Il mandate le Président de l'Université pour nouer des contacts avec les autorités universitaires israéliennes et palestiniennes afin d'oeuvrer dans le sens de la paix et pour qu'il soumette l'ensemble de ces questions à l'assemblée de la Conférence des Présidents d'Université.

Motion adoptée par le conseil d'administration de l'Université Pierre et Marie Curie le 16 décembre 2002 par 22 voix pour, 4 voix contre, 6 abstentions et 1 refus de vote.

     Communiqué pare-feu diffusé le matin de la manifestation. 

http://www.upmc.fr/FR/info/Actualites/318/03

A la demande de plusieurs de ses membres, le conseil d'administration de l'Université Pierre et Marie Curie a examiné le 16 Décembre 2002 la situation universitaire en Palestine. Considérant que les relations universitaires constituent un facteur d'échange qui permet de faire progresser les idées de compréhension mutuelle, il a repoussé toute idée de boycott ou de moratoire dans les relations entre l'Université Pierre et Marie Curie et les universités israéliennes.
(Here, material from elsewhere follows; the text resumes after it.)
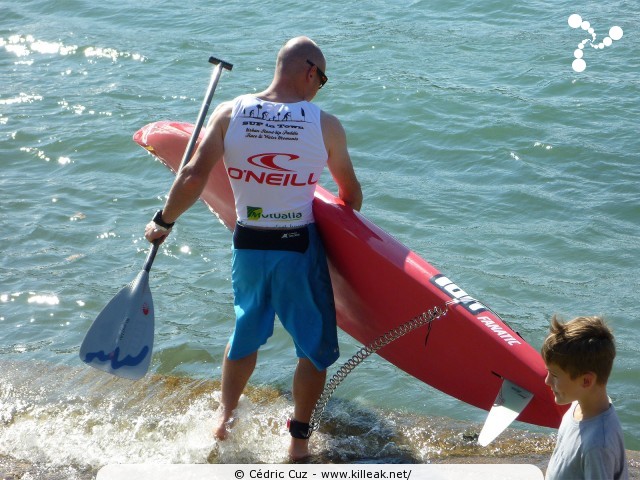 SUP in Town 2011 - Open de Lyon de Stand-Up Paddle - les sam. 10 et dim. 11 septembre 2011, sur le Rhône au niveau de la Fosse aux Ours, Lyon – « SUP in Town 2011 - Open de Lyon de Stand-Up Paddle » – Démonstrations et initiations grand public, mais aussi courses et relais pro de Stand-Up Paddle sur les eaux du Rhône, à Lyon – mots associés : stand-up paddle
Il a donné mandat au président pour qu'il prenne contact avec les dirigeants des universités israéliennes et palestiniennes pour développer les coopérations inter-universitaires et œuvrer dans le sens de la paix.

La Présidence de l'université tient à rappeler que l'Université Pierre et Marie Curie condamne fermement les entraves mises aux libertés universitaires et les actes de terrorisme d'où qu'ils viennent. Elle considère que le développement de coopérations universitaires israélo-palestiniennes est un facteur de paix.

La Présidence s'en tiendra au seul mandat qui lui a été confié à savoir l'amplification de la coopération avec les universités israéliennes et les universités palestiniennes.

La Présidence de l'Université Pierre et Marie Curie souhaite donc que, dans le cadre de la préparation du prochain programme cadre de recherche et de développement de l'Union Européenne, et dans le respect des termes de l'accord existant, les actions puissent être étendues à l'entité palestinienne. Elle œuvre dès à présent pour que des projets associant l'UPMC à la fois à des universités israéliennes et à des universités palestiniennes soient élaborés dans les meilleurs délais.

 

Le communiqué tout à fait satisfaisant de Paris 7

Le conseil d'administration de l'Universite Paris 7 Denis Diderot, reuni le
7 janvier 2003, a vote
[...]
--- la motion suivante

39 pour, 4 contre, deux abstentions,

"Le conseil d'administration de l'université Paris 7- Denis Diderot réuni le
7 janvier 2003 a examine dans son ordre du jour une demande émanant de
représentants syndicaux relative à une "suspension des échanges
scientifiques avec les institutions universitaires israéliennes".

Le conseil d'administration tient à rappeler qu'il n'entre pas dans ses
compétences de débattre d'un tel sujet. Cette position est conforme aux
missions imparties aux universités par la loi du 26 janvier 1984 relative à
l'enseignement supérieur. Celle-ci précise dans son article 3 :"Le service
public de l'enseignement est laïc et indépendant de toute emprise politique,
économique, religieuse ou idéologique ; il tend à l'objectivité du savoir ;
il respecte la diversité des opinions."

L'université a pour vocation de contribuer à la création et a la circulation
des savoirs indépendamment de toute frontière. Elle a le devoir de faciliter
l'accès à la connaissance et de favoriser son partage. Le CA de l'université
Paris 7 - Denis Diderot, qui peut s'enorgueillir d'une longue tradition de
coopération scientifique avec les institutions d'enseignement et de
recherche des cinq continents, formule le souhait que tous, partout,
respectent et fassent respecter ces valeurs fondamentales de la communauté
scientifique internationale.

Fidèle à sa tradition d'ouverture, de dialogue, convaincu que le savoir est
la meilleure arme contre l'extrémisme et l'obscurantisme, le CA de
l'université Paris 7 - Denis Diderot se détermine en faveur d'un
renforcement des accords avec toutes les universités a travers le monde."